When my mother was expecting her fifth child, when I was four, she and my father used to joke at mealtimes about finding a name for it. The joke was always on female names, such as Ermyntrude, Brunnhilde, Gertrude. One day I’d had enough, and shouted at them: “You’re only making jokes because you think it will be a girl”. From then until the birth, the baby was referred to as “Humph”, short for Humphrey. They thought my rage was funny, but I didn’t, and still don’t.

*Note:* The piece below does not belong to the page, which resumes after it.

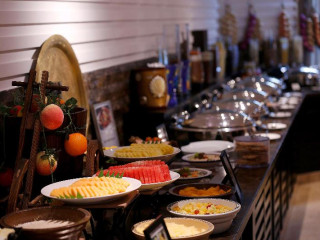 Ramada Plaza by Wyndham Dubai Deira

How do your feminist ideas come out?
I was a card-carrying feminist in the late 60s and 70s. I hated the era I was growing up in, the 40s and 50s, because of the attitudes to women and the way they were treated. Reading “The Female Eunuch” was a turning point for me, the first time I had EVER read or heard anyone, male or female, who shared my opinions on the subject. And then, like so many things that gave us such hope at that time, something happened to feminism and somehow it lost its way and I despaired of it. I have lived it all my life, but I didn’t want to make feminist art. I am not a proselytiser. My life experiences have been hard and painful and I wanted to make art which celebrated beauty and joy as a counterbalance. It is recently, through meeting various young women, that I have been excited by the new wave of feminism and also discovered how far, in spite of impressive achievements, the world still has to travel. I thought younger people would not listen to my feminist ideals/ideas so I shut up about them. So now I am putting more about it into my art work. My next exhibition is going to be called “Broken Homes” and will have several feminist pieces in it. I made the ironing board, and a tribute to Judy Chicago called “Rosie’s Tea Party”, which has places set for many women who have inspired me, and a Fairy Castle which has three floors, the gods on the top, the aristocratic family in the middle, the lowest floor being a basement in which girls are kept chained to beds. However, I was surprised to discover when “Jam Rag Boogie” was exhibited about the time of the debate on luxury tax on tampax, how much impact it had, but at the same time how people didn’t recognise why I based the poem on Winston Churchill’s most famous speech – they didn’t even know this speech. So I don’t know how out of date I am. My feminism has come out more in my poems up to now.
Who are you inspired by?
I was lastingly inspired by Judy Chicago. When a friend of mine saw pictures of my works on people who had influenced me, she asked why there were few women. So I made “Rosie’s Tea Party” which includes 14 women who have influenced me. Tilly Olsen’s “Silences” was the inspiration for the ironing board. Folk art and outsider art are very important inspirations. Judith McNichol, who started Artesian Trust in Edinburgh (now disbanded) is a continuing influence, a wonderful woman, a brilliant artist, a dear friend. She and Artesian changed me from being a painter and reluctant non-achiever in the art world into an artist following my true path. Schubert is an enormous influence on my practice, endlessly inspiring form, playfulness, structure and beauty. Matisse was my first artistic love (right back to those art books in my father’s study) and for years I followed his path of art as a relaxation and joy, a comfortable armchair at the end of a busy day. Whatever I go on to make, I will try and make it beautiful and joyous because of Matisse.